Configure Multitenancy

How many collections should you create? In most cases, you should only use a single collection with payload-based partitioning. This approach is called multitenancy. It is efficient for most of users, but it requires additional configuration. This document will show you how to set it up.

When should you create multiple collections? When you have a limited number of users and you need isolation. This approach is flexible, but it may be more costly, since creating numerous collections may result in resource overhead. Also, you need to ensure that they do not affect each other in any way, including performance-wise.

Partition by payload

When an instance is shared between multiple users, you may need to partition vectors by user. This is done so that each user can only access their own vectors and can’t see the vectors of other users.

  1. Add a group_id field to each vector in the collection.
PUT /collections/{collection_name}/points

{
    "points": [
        {
            "id": 1,
            "payload": {"group_id": "user_1"},
            "vector": [0.9, 0.1, 0.1]
        },
        {
            "id": 2,
            "payload": {"group_id": "user_1"},
            "vector": [0.1, 0.9, 0.1]
        },
        {
            "id": 3,
            "payload": {"group_id": "user_2"},
            "vector": [0.1, 0.1, 0.9]
        },
    ]
}
client.upsert(
    collection_name="{collection_name}",
    points=[
        models.PointStruct(
            id=1,
            payload={"group_id": "user_1"},
            vector=[0.9, 0.1, 0.1],
        ),
        models.PointStruct(
            id=2,
            payload={"group_id": "user_1"},
            vector=[0.1, 0.9, 0.1],
        ),
        models.PointStruct(
            id=3,
            payload={"group_id": "user_2"},
            vector=[0.1, 0.1, 0.9],
        ),
    ]
)
  1. Use a filter along with group_id to filter vectors for each user.
POST /collections/{collection_name}/points/search

{
    "filter": {
        "must": [
            {
                "key": "group_id",
                "match": {
                    "value": "user_1"
                }
            }
        ]
    },
    "vector": [0.1, 0.1, 0.9],
    "limit": 10
}
from qdrant_client import QdrantClient, models

client = QdrantClient("localhost", port=6333)

client.search(
    collection_name="{collection_name}",
    query_filter=models.Filter(
        must=[
            models.FieldCondition(
                key="group_id",
                match=models.MatchValue(
                    value="user_1",
                ),
            )
        ]
    ),
    query_vector=[0.1, 0.1, 0.9],
    limit=10,
)

Calibrate performance

The speed of indexation may become a bottleneck in this case, as each user’s vector will be indexed into the same collection. To avoid this bottleneck, consider bypassing the construction of a global vector index for the entire collection and building it only for individual groups instead.

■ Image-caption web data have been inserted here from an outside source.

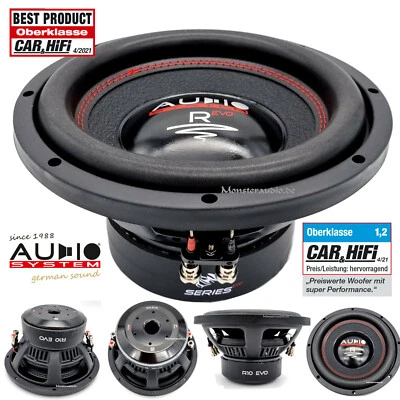 AUDIO SYSTEM R-10 EVO 25cm Subwoofer 700 Watt Auto Woofer 10" Radion 2x4 Ohm - Bild 1 von 4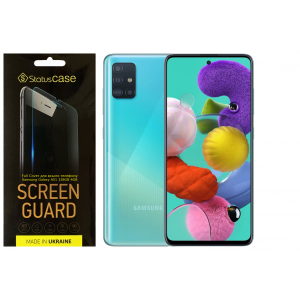 Комплект защитных пленок для Samsung Galaxy A51 128GB 4GB StatusCASE Standart Full Cover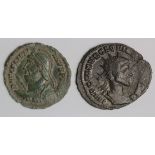 Quintillius, billon antoninianus, Rome Mint 270 A.D., reverse:- Laetitia standing left, holding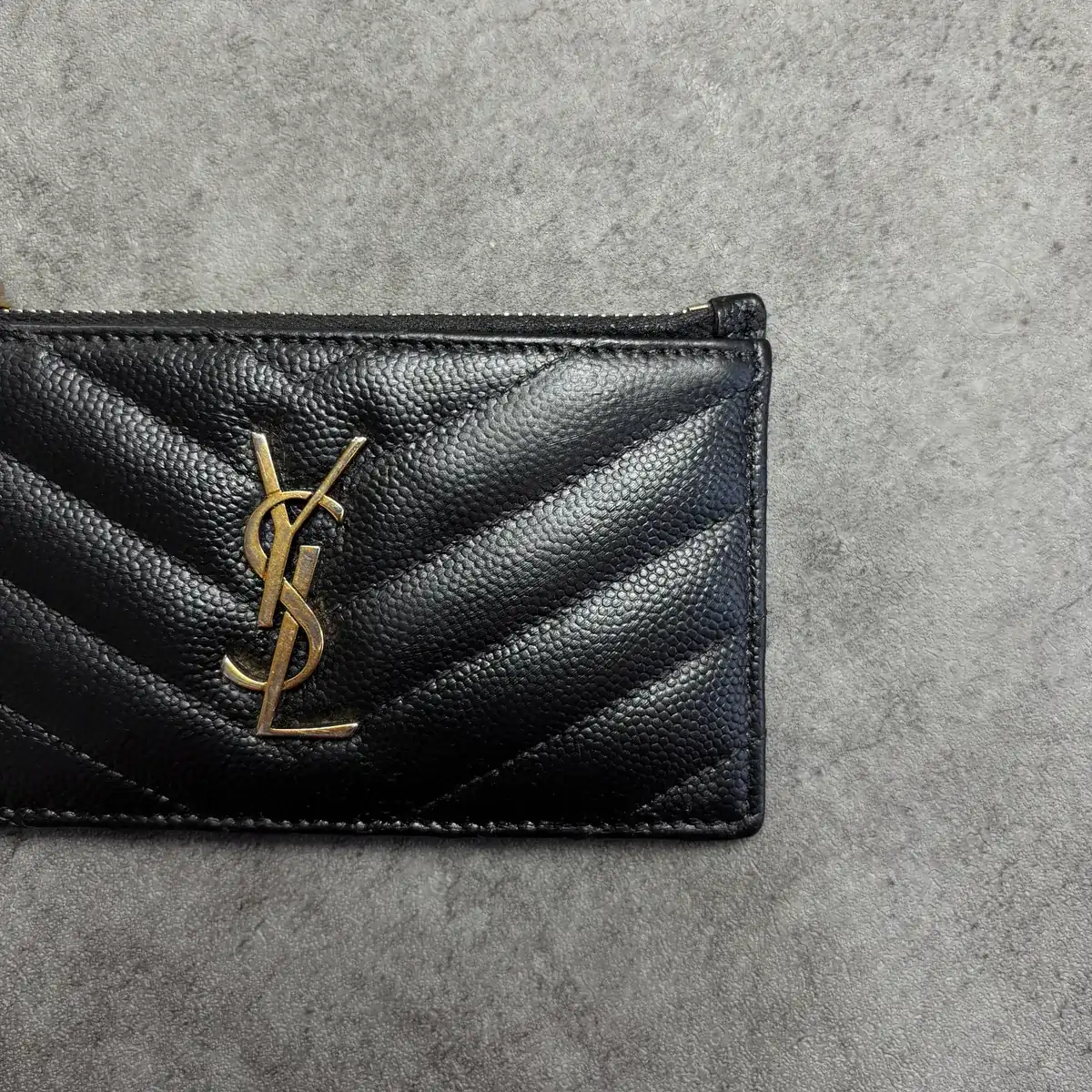 생로랑 카드지갑 블랙염색 after 10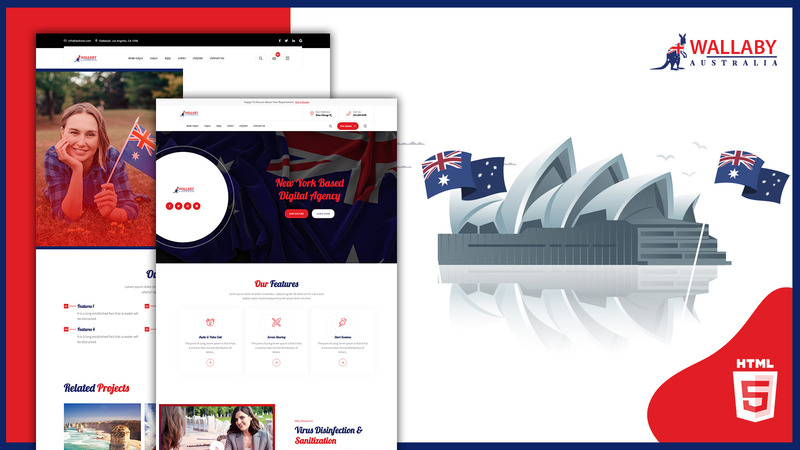 Wallaby Australia Culture HTML5 Website Template - Features Image 1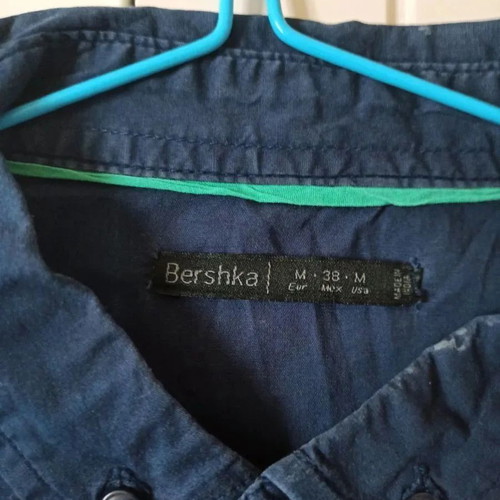 Bershka Thin Men's Blue Shirt Medium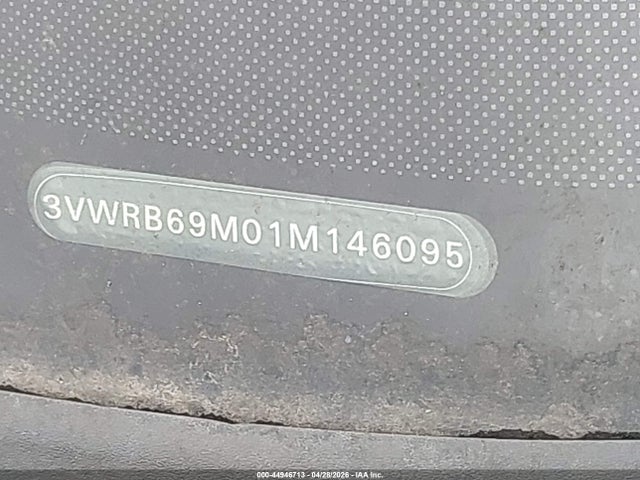 44946713 :رقم المزاد ، 3VWRB69M01M146095 vin ، 2001 Volkswagen Jetta Gl مزاد بيع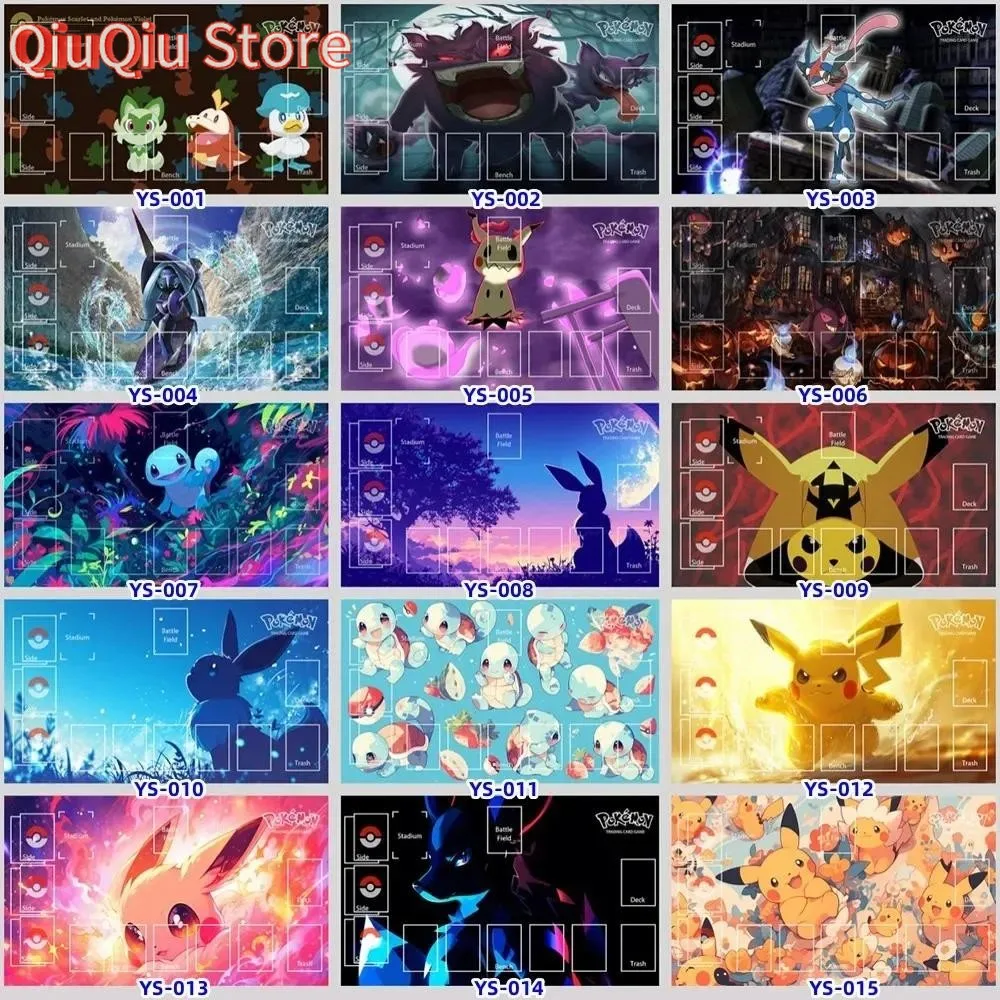 Tapete de Jogo de Cartas de Combate Anime Genger Series 60x30x0.2cm, Tapete de Jogo de Solitário Dedicado PTCG, Brinquedo de Presente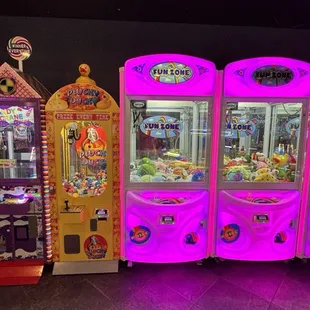 a row of arcade machines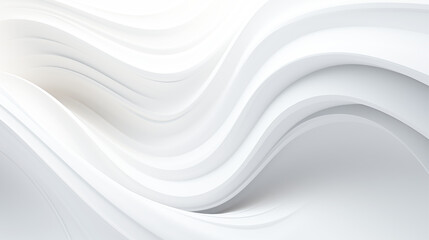 Abstract white and gray color, modern design stripes background with wave pattern. 3D illustration.	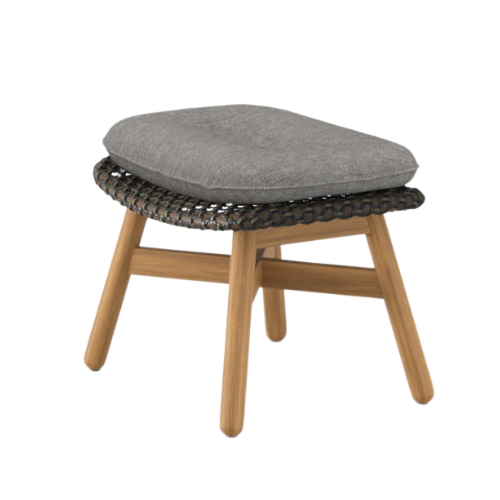 Mbrace footstool arabica/teak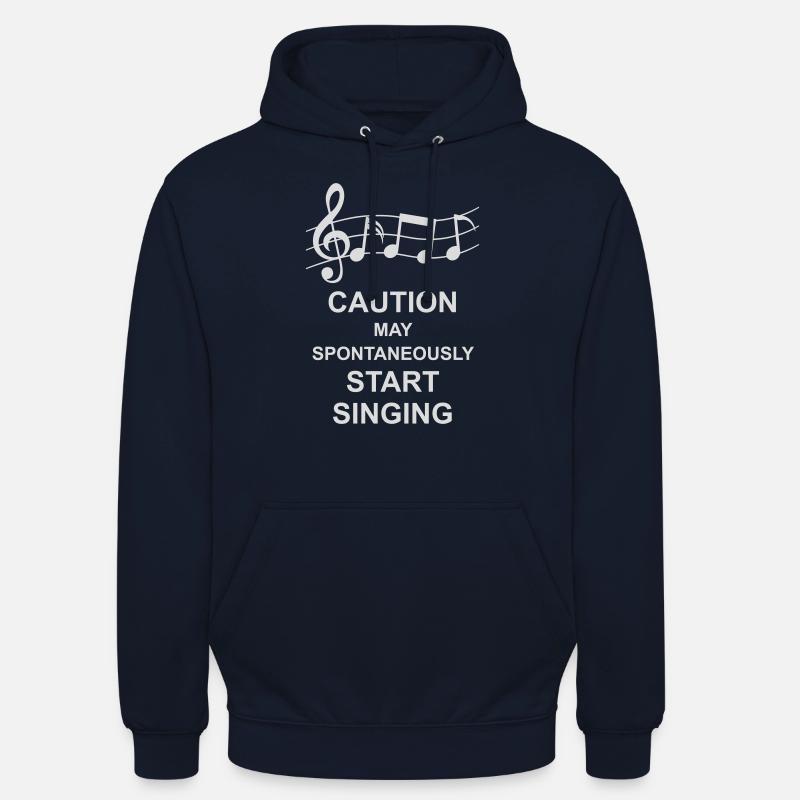 may spontaneously start singing - Unisex Hoodie - navy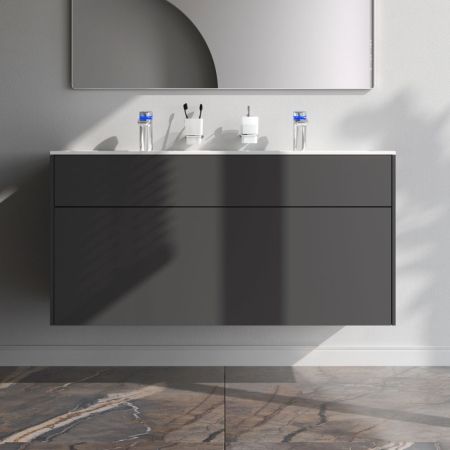 M50AFHX1203GM Inspire V2.0, База под раковину, подвесная, 120 см, 3 ящика, push-to-open, графит мато, артикул M50AFHX1203GM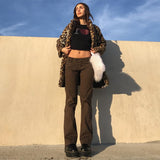 Pink Hearts Bell Bottom Trousers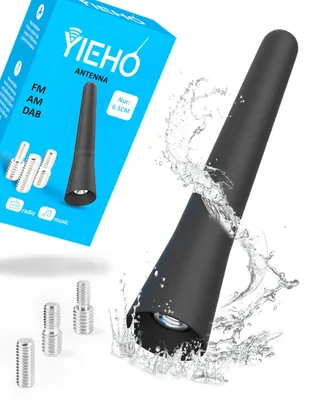 Autoantenne kurz, 6,5 cm, AM/FM/DAB, universal, schwarz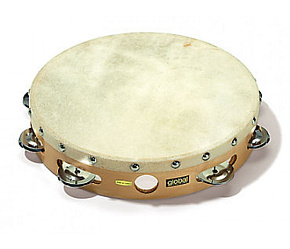 Тамбурин 8" 90531100 Global CG T 8N кожа, 7 пар бубенцов 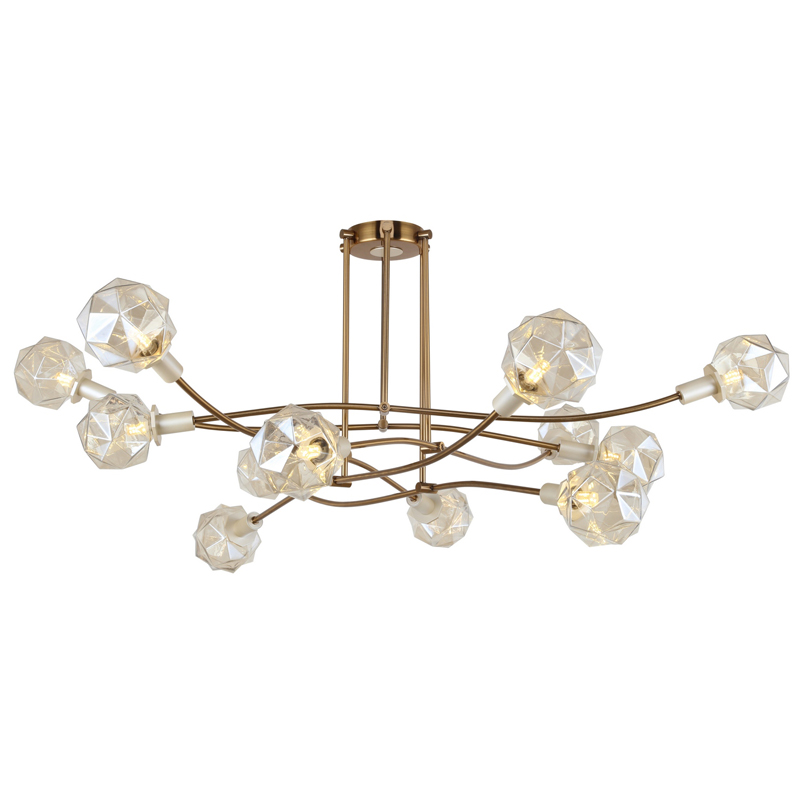 Люстра Severine Chandelier Золотой Золотой Шампань Люстра Severine Chandelier Золотой Золотой Шампань в Орле | Loft Concept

By adopting this strategy, Qdrant will index vectors for each user independently, significantly accelerating the process.

To implement this approach, you should:

  1. Set payload_m in the HNSW configuration to a non-zero value, such as 16.
  2. Set m in hnsw config to 0. This will disable building global index for the whole collection.
PUT /collections/{collection_name}

{
    "vectors": {
      "size": 768,
      "distance": "Cosine"
    },
    "hnsw_config": {
        "payload_m": 16,
        "m": 0
    }
}
from qdrant_client import QdrantClient, models

client = QdrantClient("localhost", port=6333)

client.recreate_collection(
    collection_name="{collection_name}",
    vectors_config=models.VectorParams(size=768, distance=models.Distance.COSINE),
    hnsw_config=models.HnswConfigDiff(
        payload_m=16,
        m=0,
    ),
)
  1. Create keyword payload index for group_id field.
PUT /collections/{collection_name}/index

{
    "field_name": "group_id",
    "field_schema": "keyword"
}
client.create_payload_index(
  collection_name="{collection_name}", 
  field_name="group_id", 
  field_schema=models.PayloadSchemaType.KEYWORD
)

Limitations

One downside to this approach is that global requests (without the group_id filter) will be slower since they will necessitate scanning all groups to identify the nearest neighbors.